# ZILV??



## justinhcase (Feb 18, 2015)

I have goggled it but have not found any thing of use.
Has any one come across ZILV 999,
It test's as silver but was wondering if the bar might have a value above it's metal prices as i have not seen the stamps before.


----------



## goldsilverpro (Feb 18, 2015)

Zilver is the Dutch word for silver, I think.


----------



## justinhcase (Feb 18, 2015)

I am hoping it is an abbreviation ,Zilv=sil Zilver=silver. and not some kind of Zinc alloy they have silver plated,I did file down to test but have not drilled it.
Nice stamp's but I can not find a listing for the refinery


----------



## 4metals (Feb 18, 2015)

Have you checked the density?


----------



## rickbb (Feb 18, 2015)

Isn't that eagle stamp of Polish origin? Seems I remember that a lot of items from Poland have similar bird looking stamps. It's part of their national flag I believe.


----------



## FrugalRefiner (Feb 18, 2015)

Rick, it might be a variation, but the White Eagle (aka Polish Eagle) _usually_ looks more like this one. It is the national coat of arms of Poland.

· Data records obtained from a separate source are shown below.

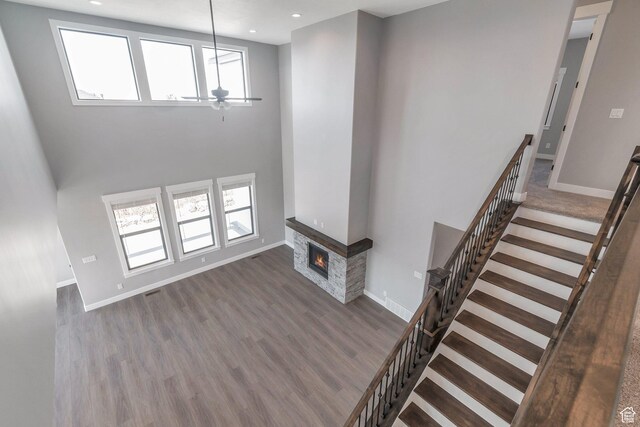 1766 S 1850 W Unit 08, Mapleton, UT 84664 - unfurnished living room with a ceiling fan, wood finished floors, plenty of natural light, a glass covered fireplace, and recessed lighting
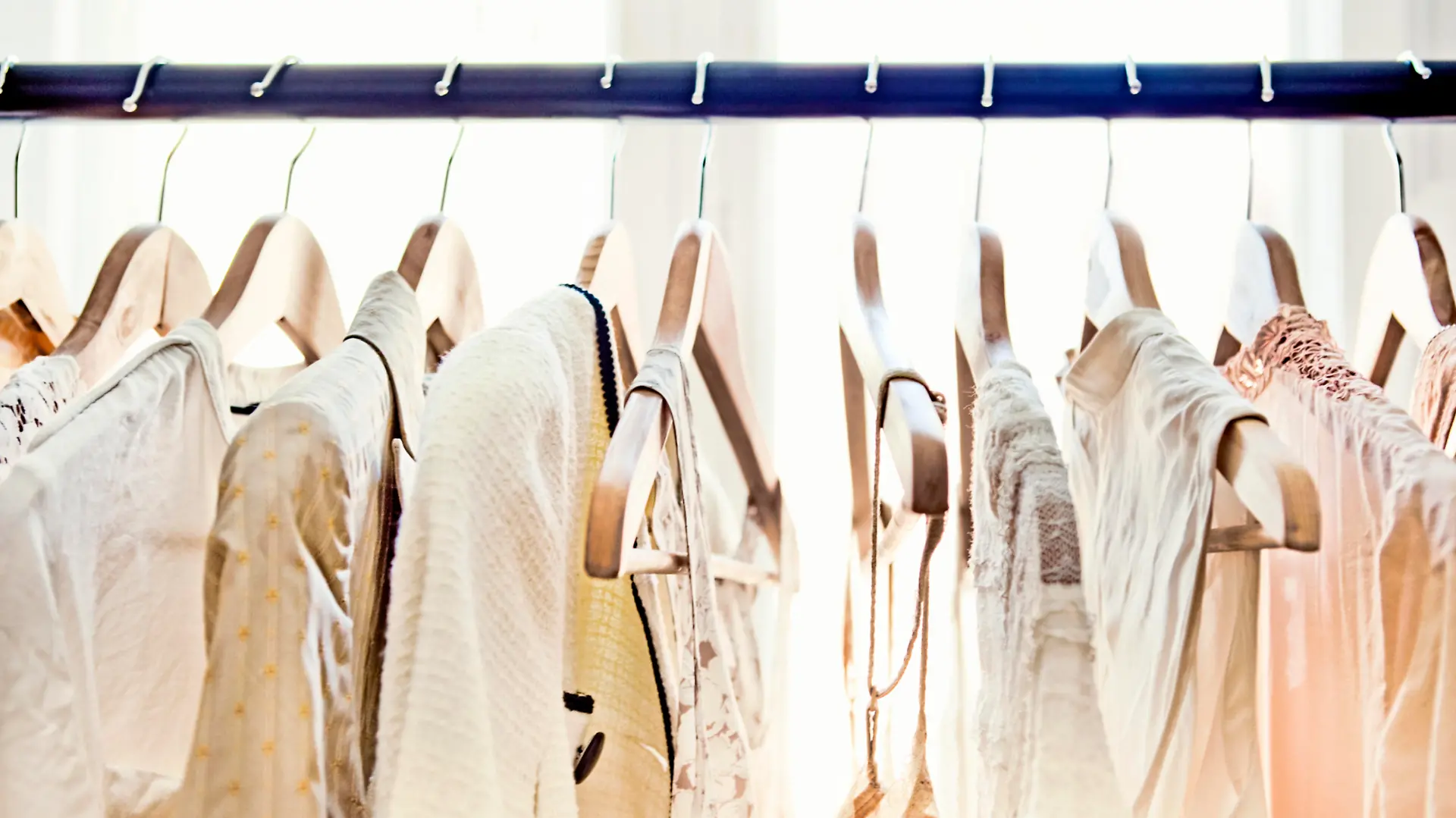 A row of light-colored clothing secured on wooden hangers is visible from about armpit level up, dangling from a rod which stretches from one end of the frame to the other. Behind the rack, two large windows brighten the room with daylight.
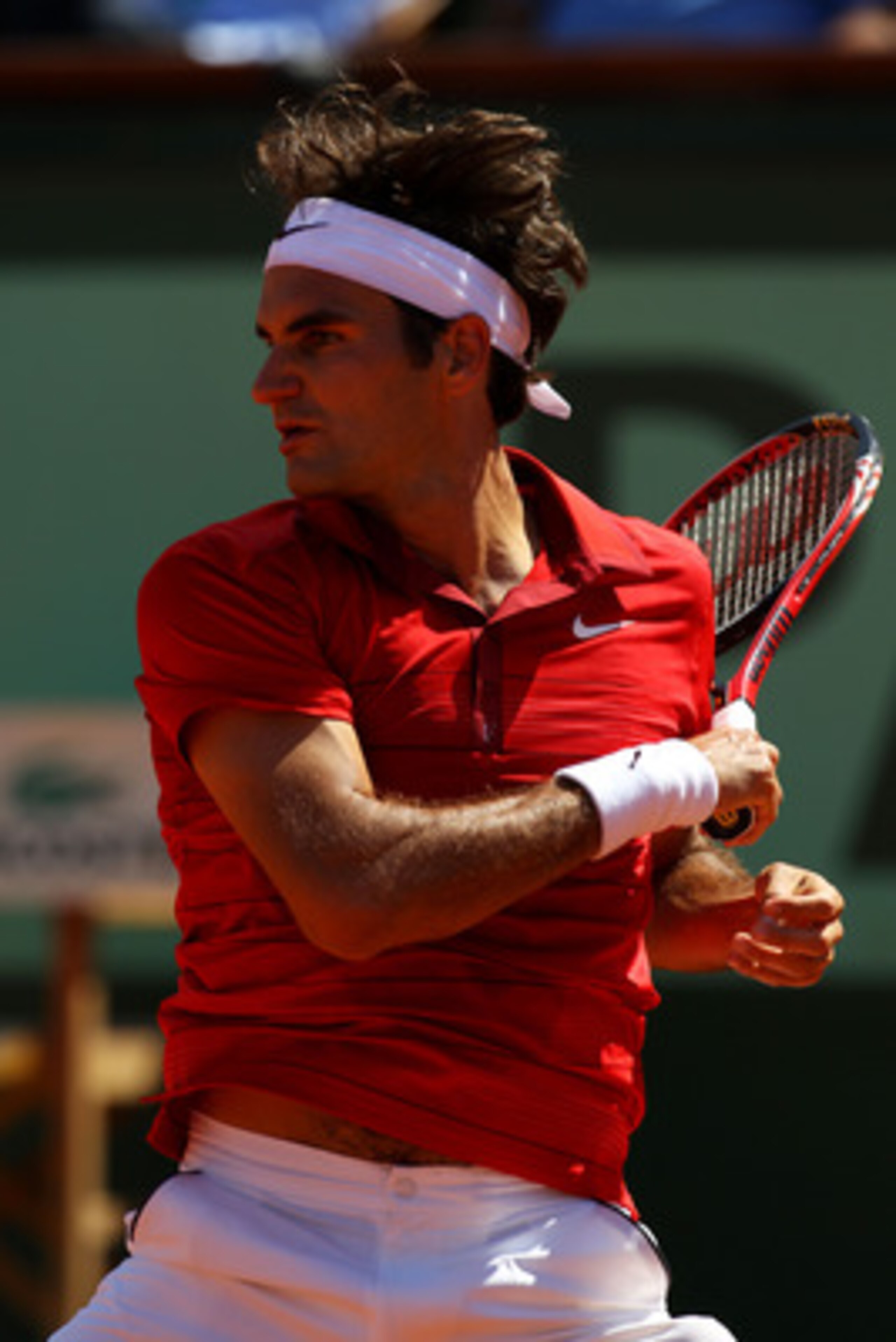 PARIS, FRANCE - MAY 29:  Roger Federer of Switzerland hits a forehand during the men's singles round four match between Stanislas Wawrinka of Switzerland and Roger Federer of Switzerland on day eight of the French Open at Roland Garros on May 29, 2011 in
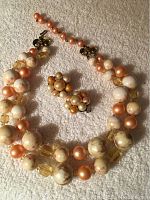 Full view of two-strand vintage choker necklace with large marbled beads, peach pearl-like beads and yellow faceted beads alongside matching cluster clip-on earrings.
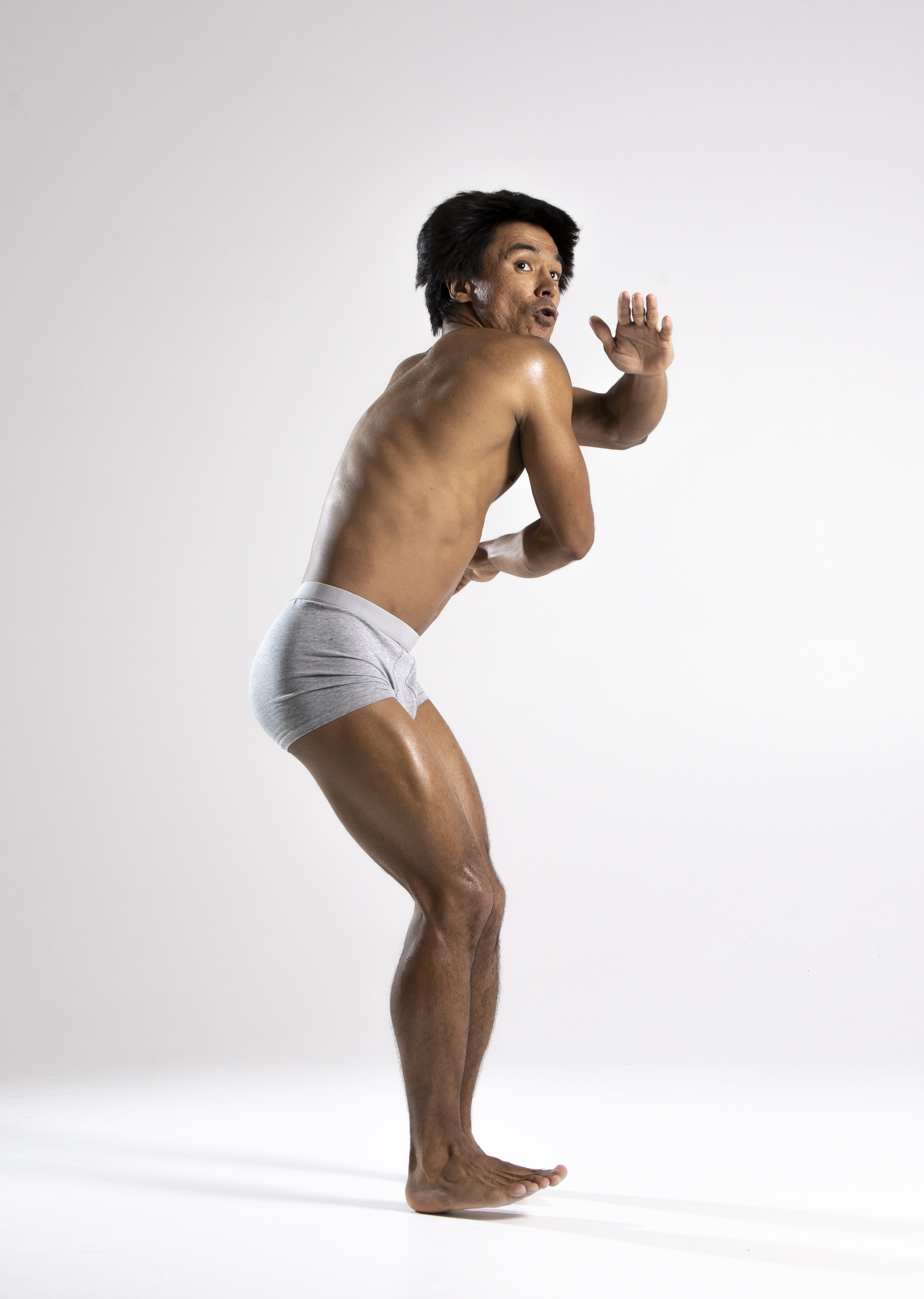 a shirtless man wearing gray underwear is standing on a white background. he has a scared expression on his face and is looking back over his shoulder with his mouth open. he has one hand raised in front of him as if to ward off something. the lighting is bright and even, highlighting his muscular build. his body appears to be oiled.
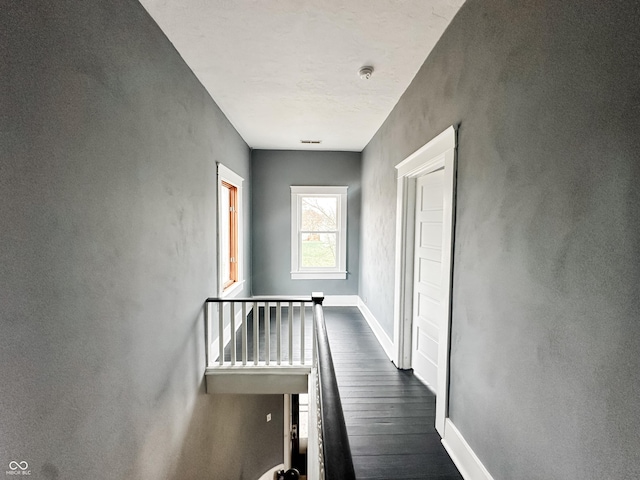 hallway featuring baseboards, dark wood-style flooring, and an upstairs landing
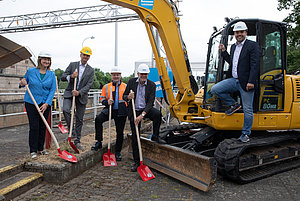 5 Personen mit Schaufeln und Bagger beim symbolischwn Spatenstich 2021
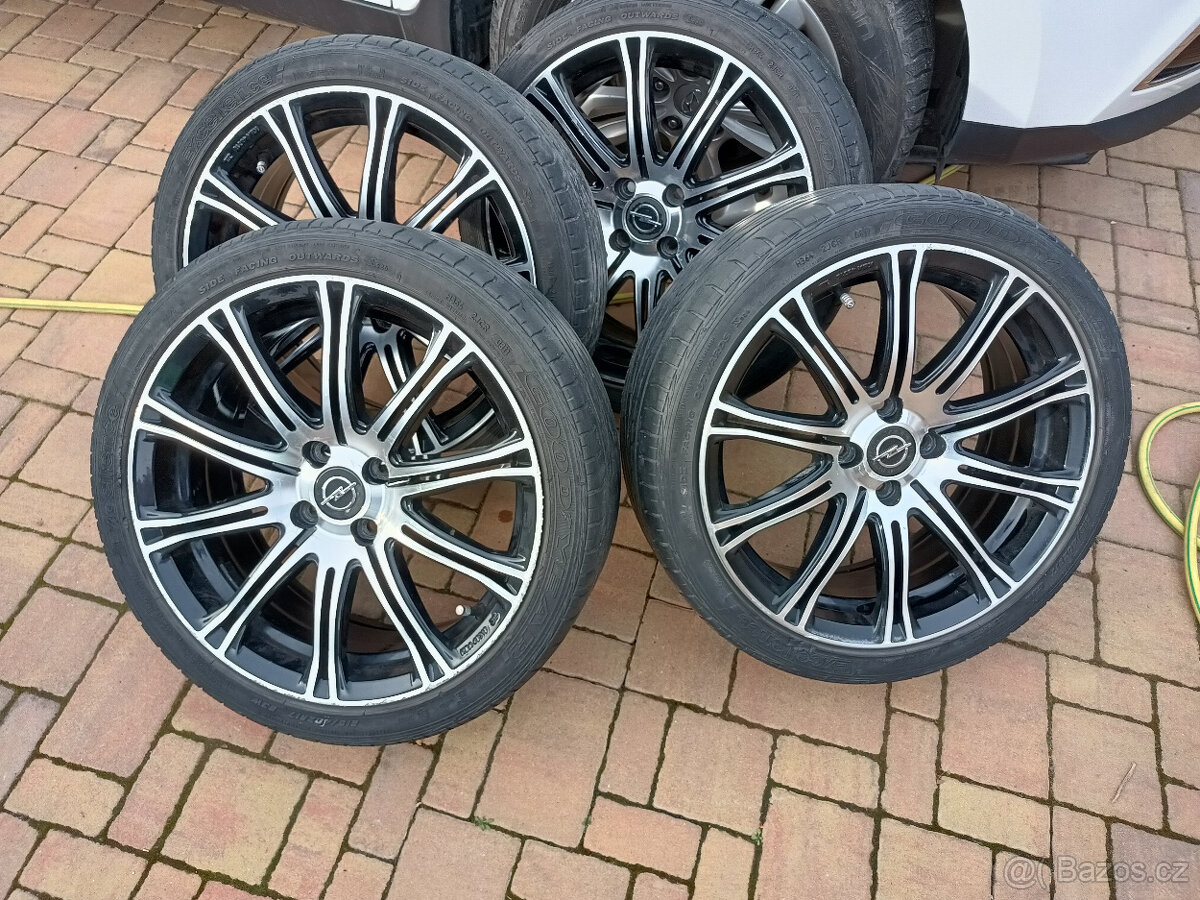 Alu kola Opel Milano 7Jx17H2 4x100 ET36+ pneu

A simplified version would be like this one.

Dave


----------



## rickbb (Feb 18, 2015)

After some more goggling the ole interweb I'm more inclined to think it's Dutch. Google translate says zilver is Dutch for silver anyway. That bird stamp must be just a logo of the refiner.


----------



## justinhcase (Feb 18, 2015)

4metals said:


> Have you checked the density?


The bar will not fit in my displacement test.(Made it quite small to fit jewellery) 
I will have to make a bigger tank and spout tomorrow.
It has contraction lines so I think it is a nice poured bar but will rest easier when I have checked the density.
I think you are right about it being dutch ,but it would be nice to track down the refiner in case it is of interest.


----------



## goldsilverpro (Feb 18, 2015)

Measure its 3 dimensions in centimeters. Take your time and try to intelligently adjust the measurements a little to compensate for the irregularities (rounded corners, thickness variations, etc.). Compute its volume (L x W x H) in cm3. Weigh the bar in grams. Compute the density: Weight divided by the volume. If it is pure silver, even with the irregularities, you should be fairly close to 10.49g/cc, the density of pure silver. At least close enough to distinguish it from other possibilities. Zn is 7.4, Pb is 11.34, Cu is 8.9, Sn is 7.3.


----------



## justinhcase (Feb 18, 2015)

I did estimate it's volume as 70Cubic centimeter(10x3.5x2cm) and it weighing 1000g I got a result of 14.2857142857143.
So had to think my measurements where off , wanted to do a more accurate measurement of volume..
It dissipated heat very well.
Thank you to every one for pitching in.
Let's hope some one from Holland is familiar with there production stamps.


----------



## FrugalRefiner (Feb 18, 2015)

To measure the volume, find a measuring cup big enough to hold the ingot. Put the ingot in and cover it with water. Record the amount in the measuring cup. Take out the ingot. Subtract the amount of liquid left in the measuring cup from the first figure and you'll have your volume.

If you don't have a measuring cup that will hold the ingot, use any container that will hold the ingot. Fill with water to cover the ingot. Mark this level on your container. Remove the ingot. Now start with a measured amount of water, and add it to the container till it reaches the mark. Subtract the amount of water left from the starting amount, and, again, you'll have your volume.

They're not highly precise methods, but probably better than trying to estimate it, and it should get you in the ballpark.

Dave


----------



## its-all-a-lie (Feb 18, 2015)

http://24carat.co.uk/frame.php?url=silverbullionbars1kilo.php


----------



## its-all-a-lie (Feb 18, 2015)

its-all-a-lie said:


> http://24carat.co.uk/frame.php?url=silverbullionbars1kilo.php



"Schone" minted in Amsterdam


----------



## its-all-a-lie (Feb 18, 2015)

http://www.schone.nl/en/Recycling/Refining/ This is a link to the refinery.


----------



## justinhcase (Feb 18, 2015)

its-all-a-lie said:


> http://www.schone.nl/en/Recycling/Refining/ This is a link to the refinery.


Well dune .that is the same emblem but the make's initials seems to have changed.
S.M.S. may Be associates that are no longer part of the company.
I can find listings with the exact same stamps but every thing is in Dutch so can't quite understand there significance.
Must be an older bar..
Much thanks chap's you are all such a great help.


----------



## grainsofgold (Feb 23, 2015)

Looks like a duck, quacks like a duck------

My bet is its fine silver


----------



## solar_plasma (Feb 23, 2015)

The eagle looks more like a dove. Look at its head and bill.


----------



## justinhcase (Feb 23, 2015)

grainsofgold said:


> Looks like a duck, quacks like a duck------
> 
> My bet is its fine silver


Yes Art it was a nice little bar for £300,could do with a few more like that.
The refinery has issued some very nice Au bar's as well,I know some chaps that run a radio station in Amsterdam so will ask them to translate the Dutch information.


----------